WORK INSTRUCTION => Copy the data that follows exactly as it is, excluding all pictures.

RAW DATA =>

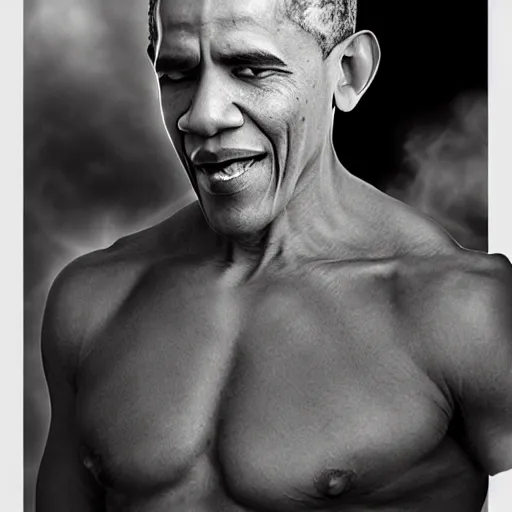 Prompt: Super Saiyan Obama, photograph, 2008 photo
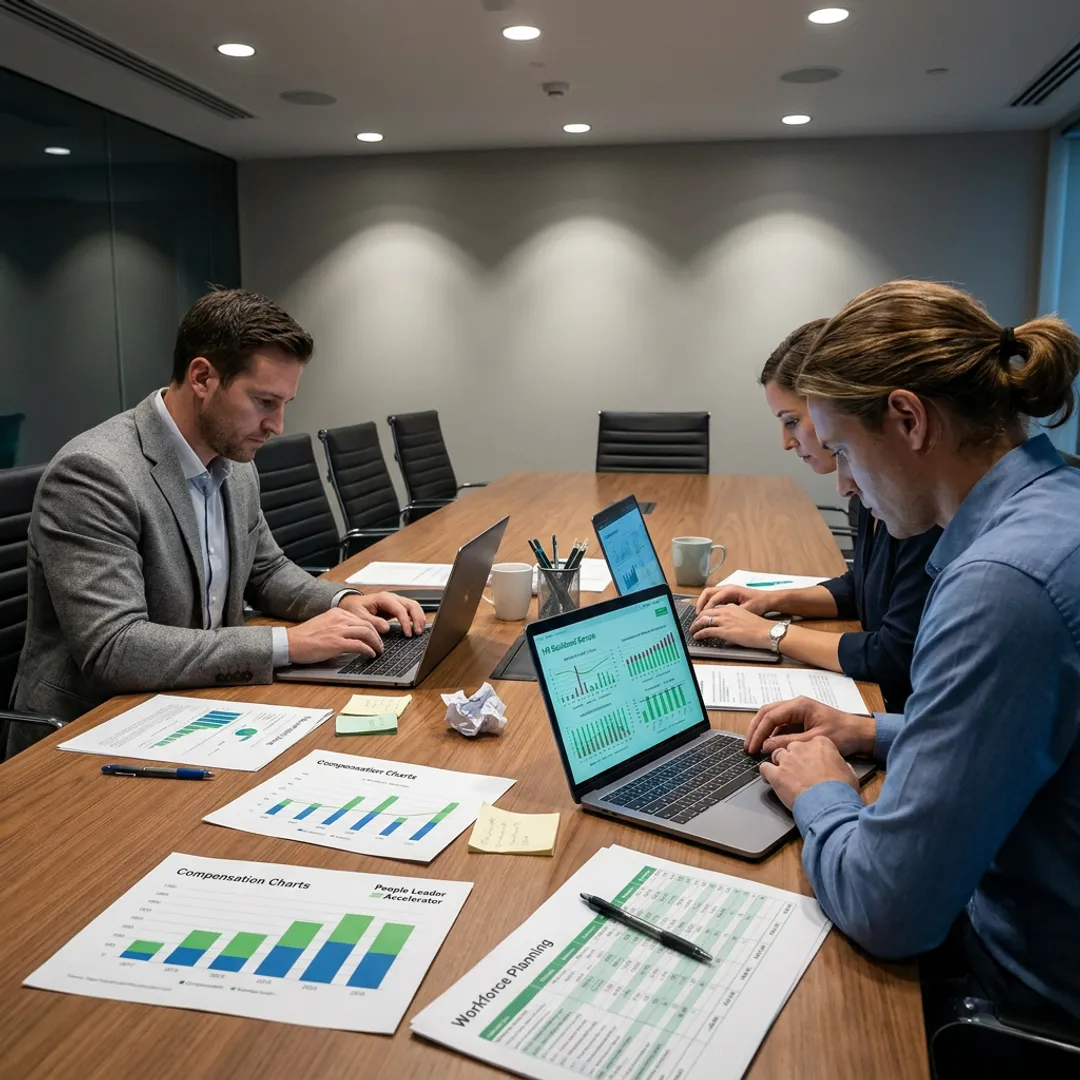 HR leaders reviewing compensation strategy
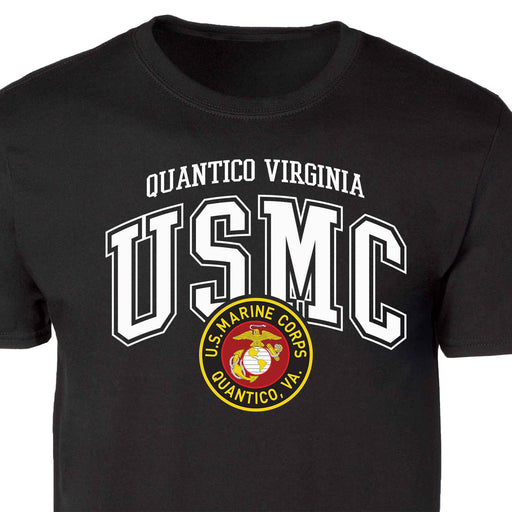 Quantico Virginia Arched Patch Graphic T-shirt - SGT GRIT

TASK RESPONSE =>
 Prompt: Super Saiyan Obama, photograph, 2008 photo
 HR leaders reviewing compensation strategy
 Quantico Virginia Arched Patch Graphic T-shirt - SGT GRIT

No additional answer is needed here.